• [Exercise instructions] Repeat the listing word for word. Leave every picture out.

• [Data provided]
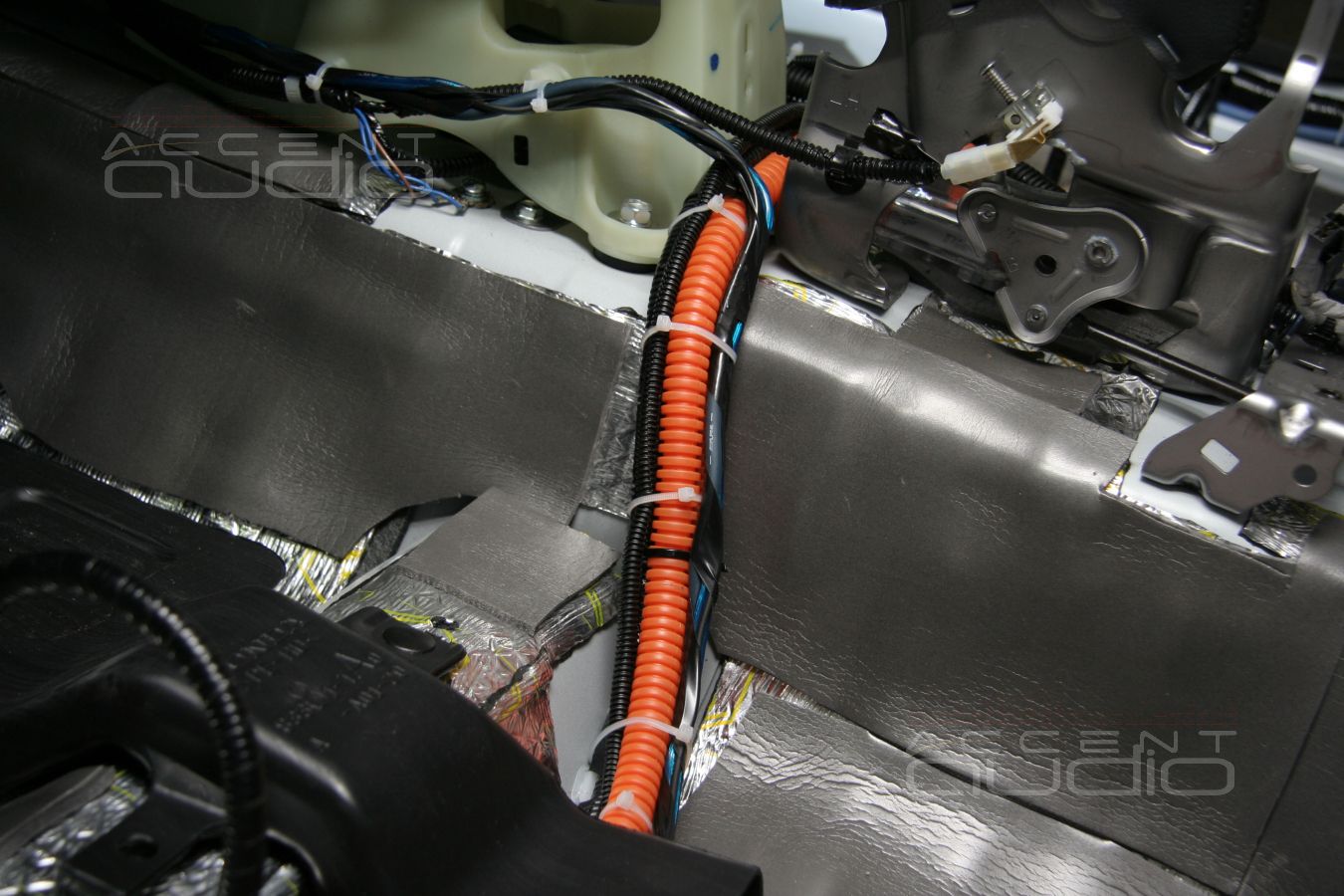 Укладка аккустики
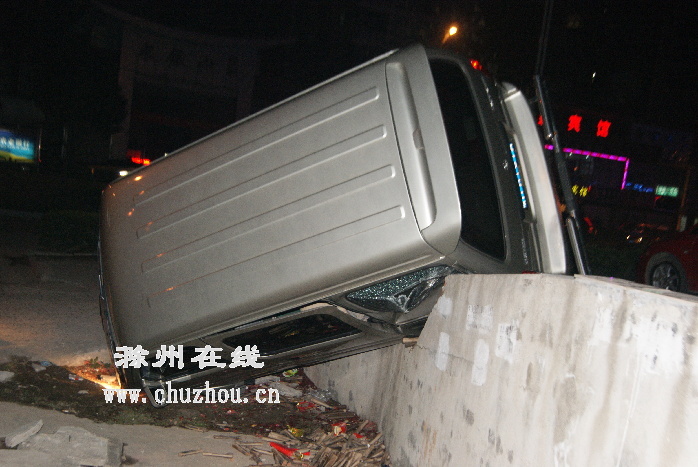 滁州在线-社会民生-滁州：面包车翻下高台，司机惊魂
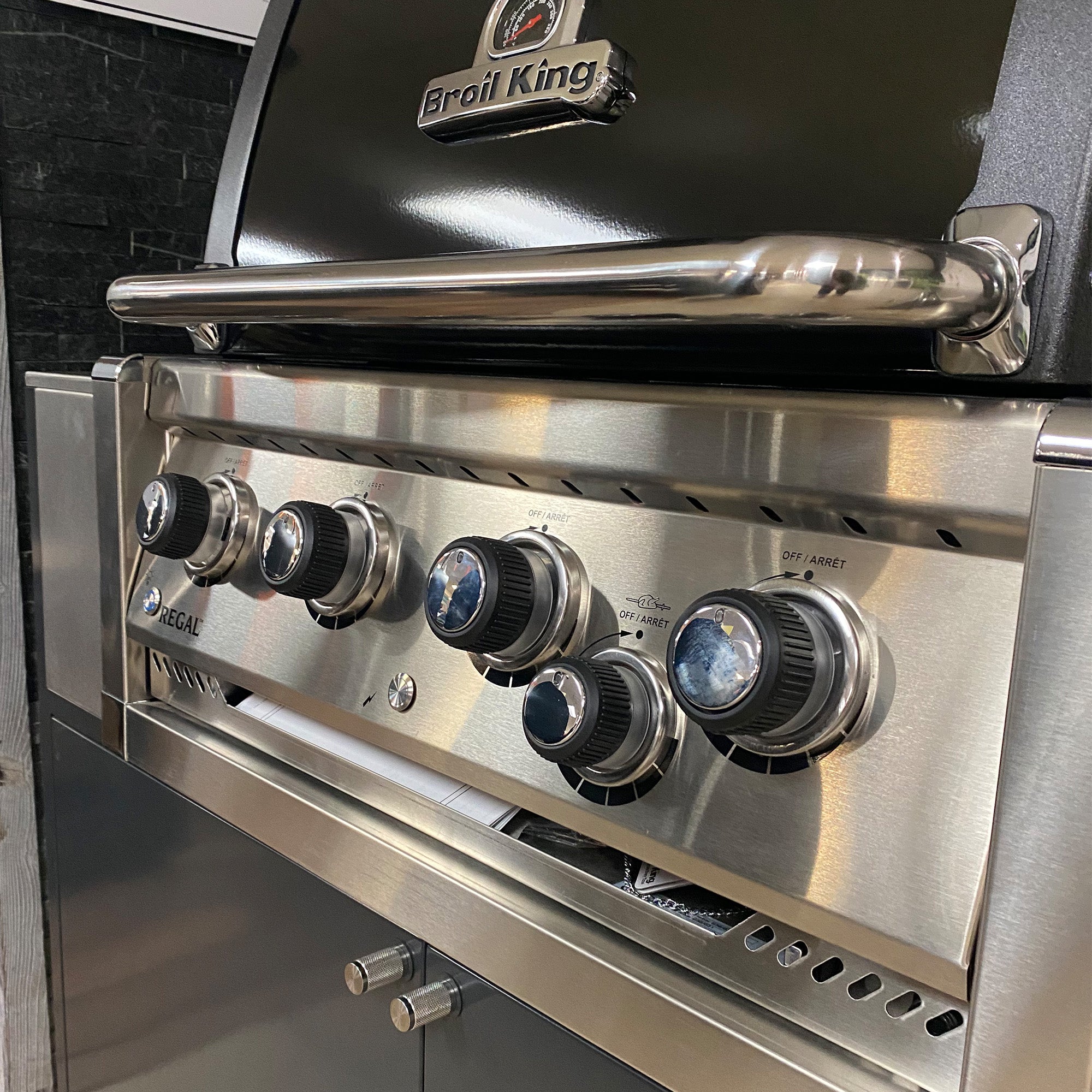 EO Outdoor Kitchen BBQ Module Including Broil King Regal 470 - Ex Display Model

• [Response]
 Укладка аккустики
 滁州在线-社会民生-滁州：面包车翻下高台，司机惊魂
 EO Outdoor Kitchen BBQ Module Including Broil King Regal 470 - Ex Display Model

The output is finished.